:: DIRECTIONS FOR THIS TASK ::
Everything from the line that contains "Casa · 118m²" through the final line of the records below should be quoted exactly, except the pictures.

:: SOURCE DATA ::

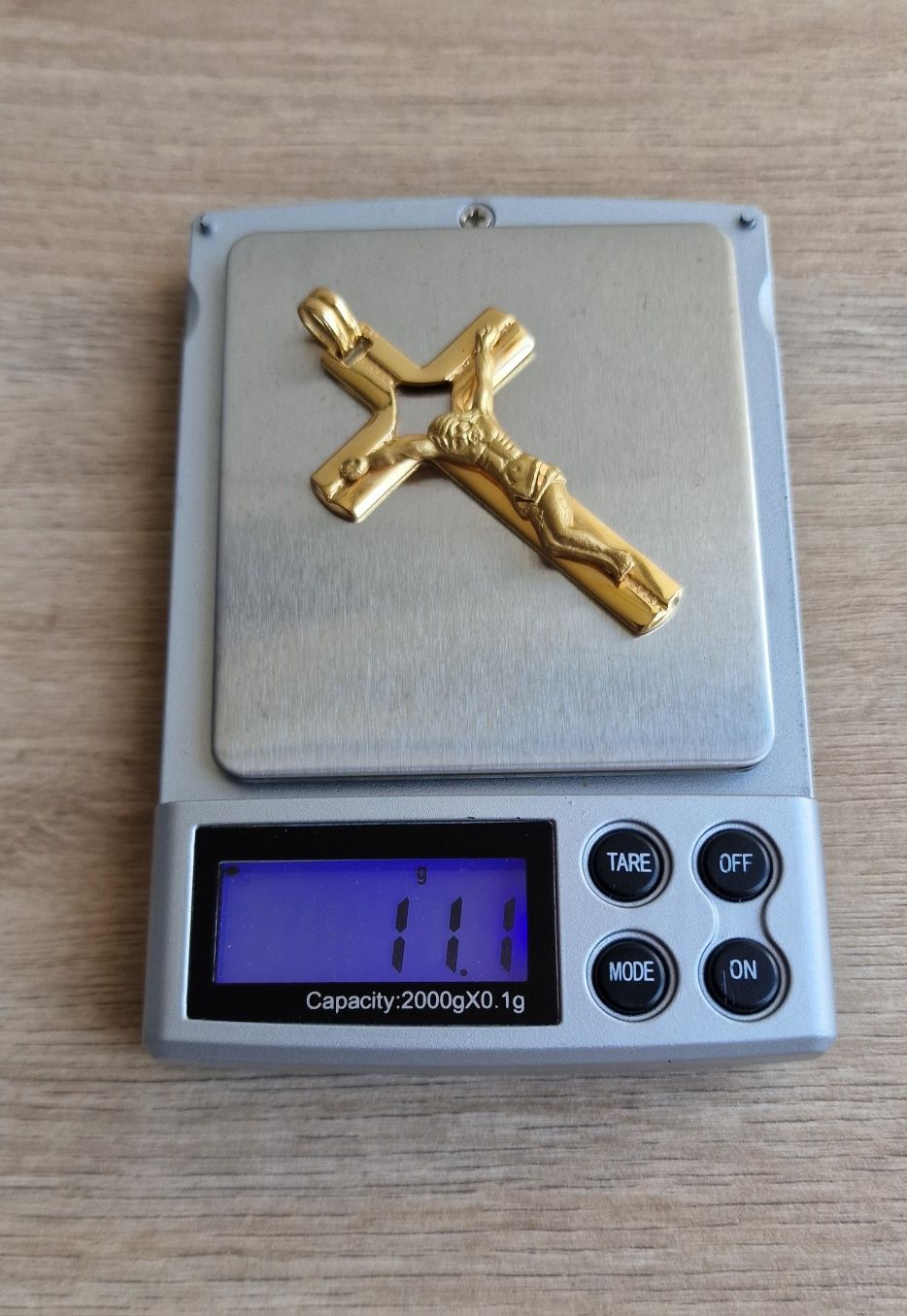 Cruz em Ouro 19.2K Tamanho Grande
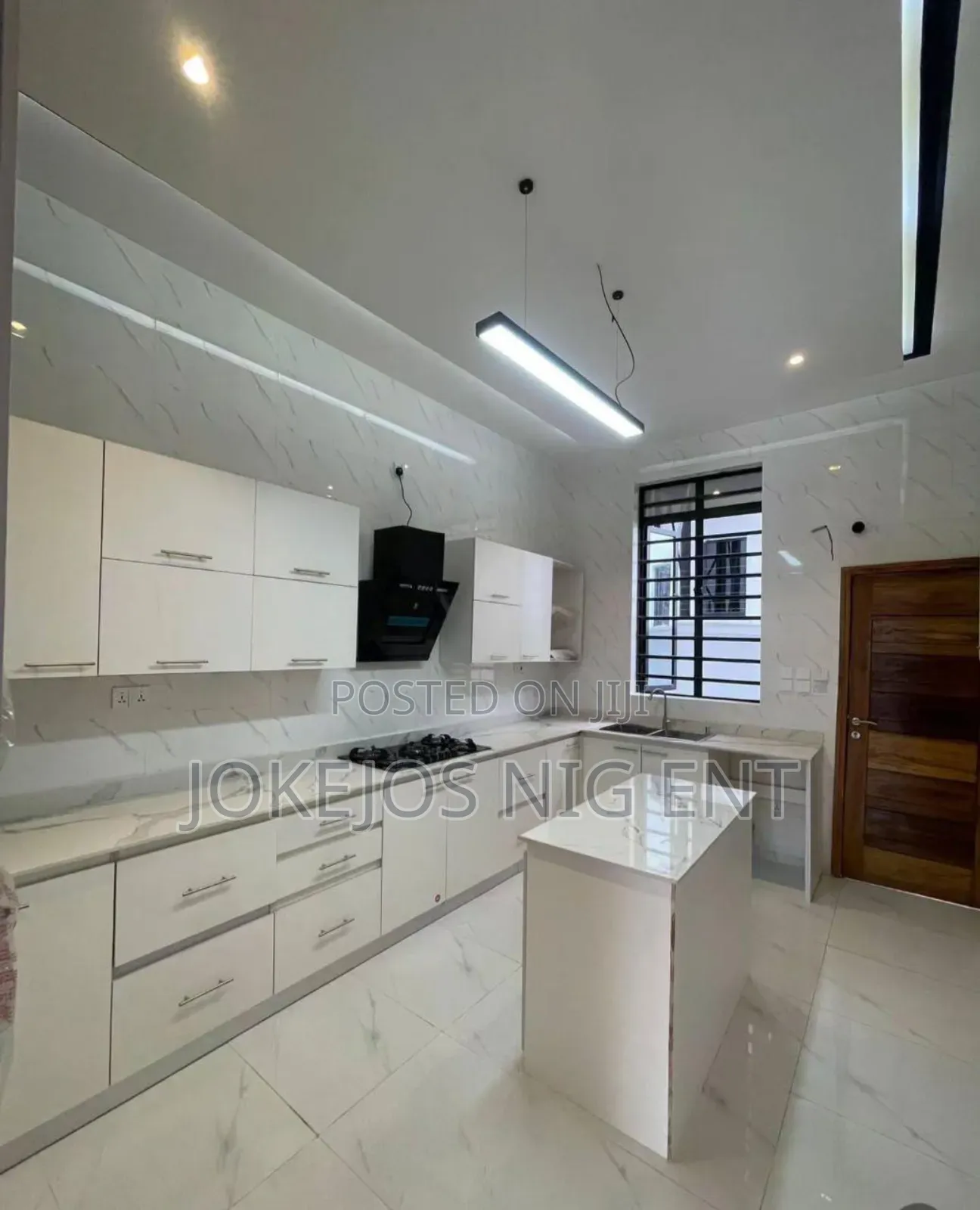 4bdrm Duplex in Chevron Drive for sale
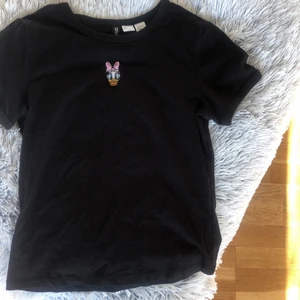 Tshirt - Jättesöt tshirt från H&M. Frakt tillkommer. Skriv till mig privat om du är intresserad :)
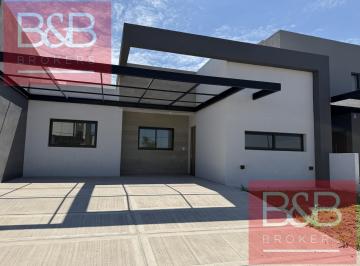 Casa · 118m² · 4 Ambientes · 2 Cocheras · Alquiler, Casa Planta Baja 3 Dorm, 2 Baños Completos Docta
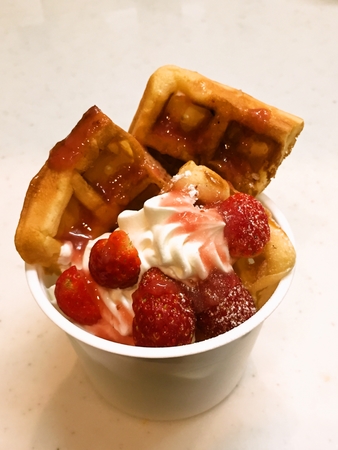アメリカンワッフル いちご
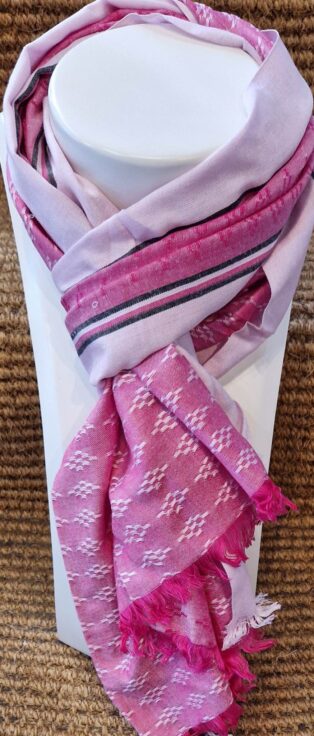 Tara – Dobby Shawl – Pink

:: REPLY TO THE EXERCISE ::
 Casa · 118m² · 4 Ambientes · 2 Cocheras · Alquiler, Casa Planta Baja 3 Dorm, 2 Baños Completos Docta
アメリカンワッフル いちご
 Tara – Dobby Shawl – Pink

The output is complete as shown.